Task brief
Repeat everything in the listing exactly, except for the images.

Data excerpts
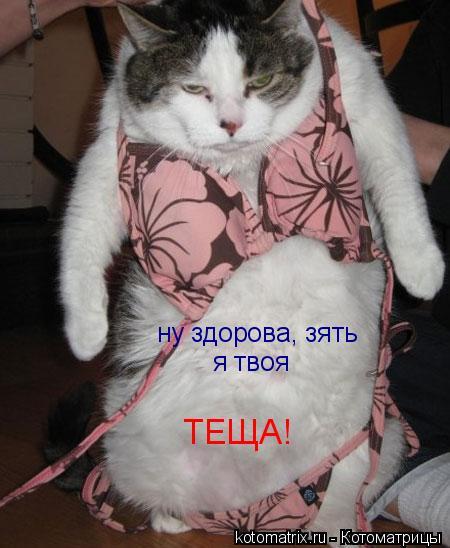 ну здорова, зять я твоя ТЕЩА!... Котоматрица: ну здорова, зять я твоя ТЕЩА!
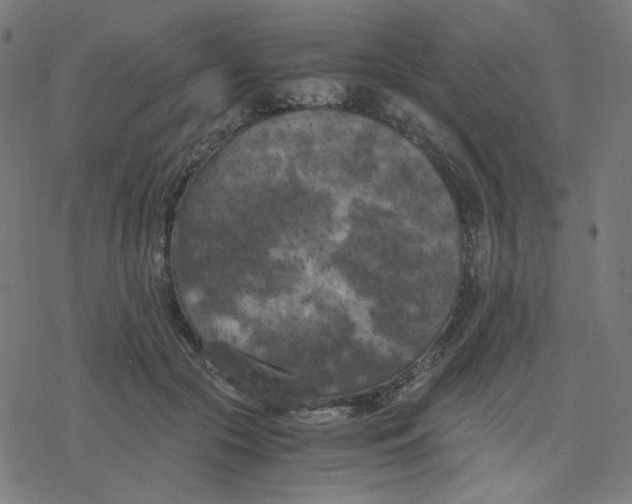 X0000078240553200612011607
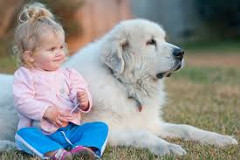detstvo so psom a návod ako vybrať zvieratko pre deti
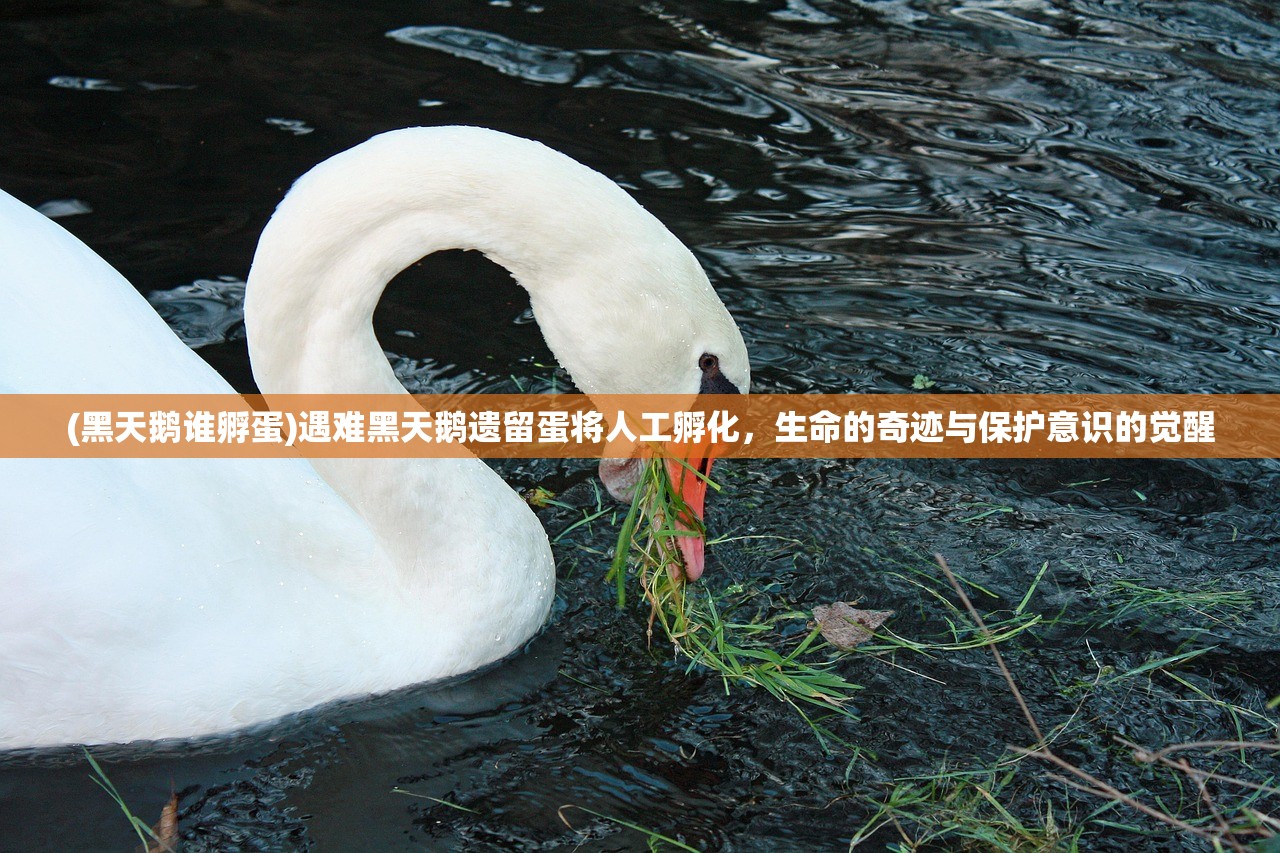 (圣三国魏传自带80万元宝)吕布传自带80万元宝，游戏内的财富与英雄传奇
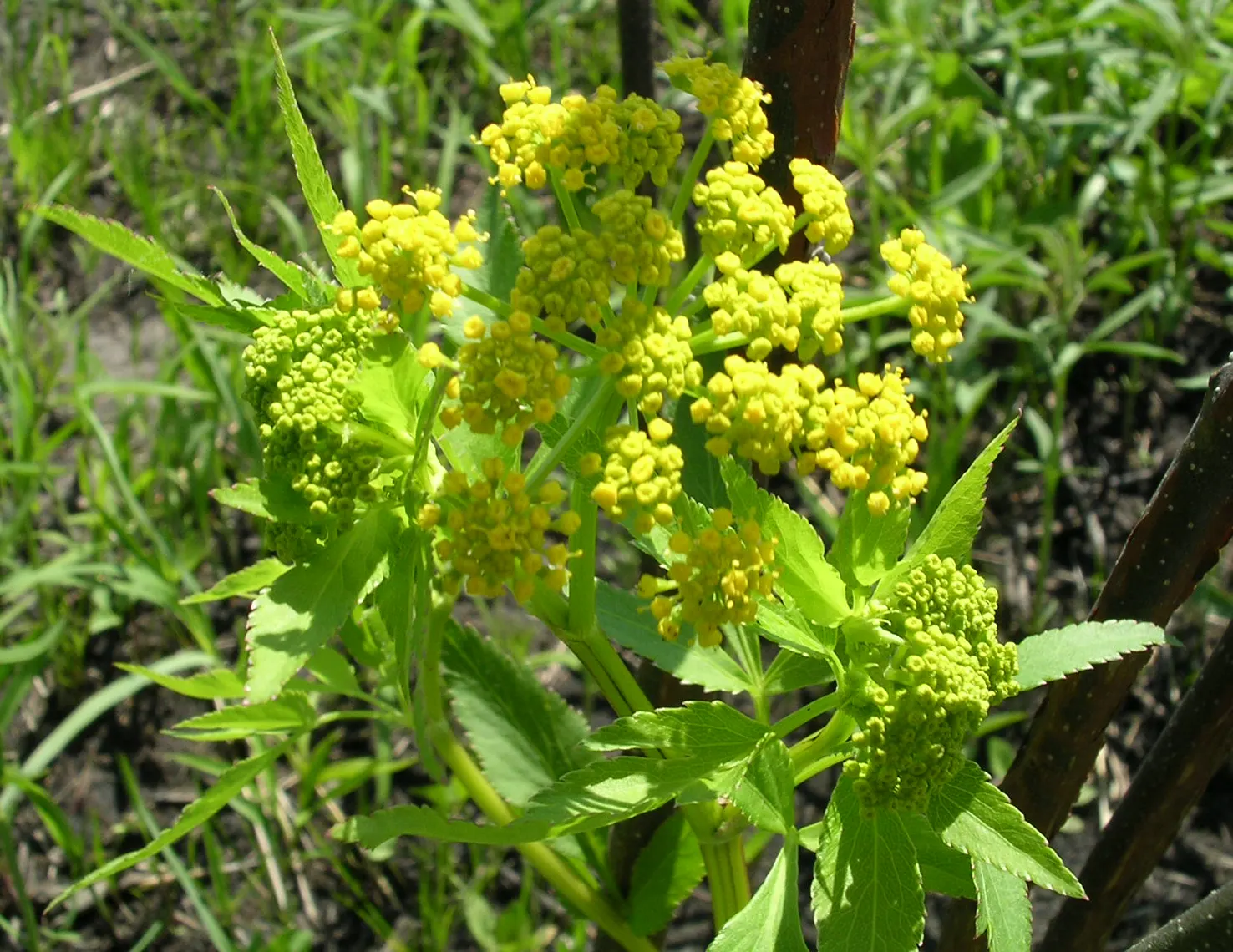 Golden Alexanders (Zizia Aurea) — known for its umbel-shaped flower clusters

Completed exercise
 ну здорова, зять я твоя ТЕЩА!... Котоматрица: ну здорова, зять я твоя ТЕЩА!
 X0000078240553200612011607
detstvo so psom a návod ako vybrať zvieratko pre deti
 (圣三国魏传自带80万元宝)吕布传自带80万元宝，游戏内的财富与英雄传奇
 Golden Alexanders (Zizia Aurea) — known for its umbel-shaped flower clusters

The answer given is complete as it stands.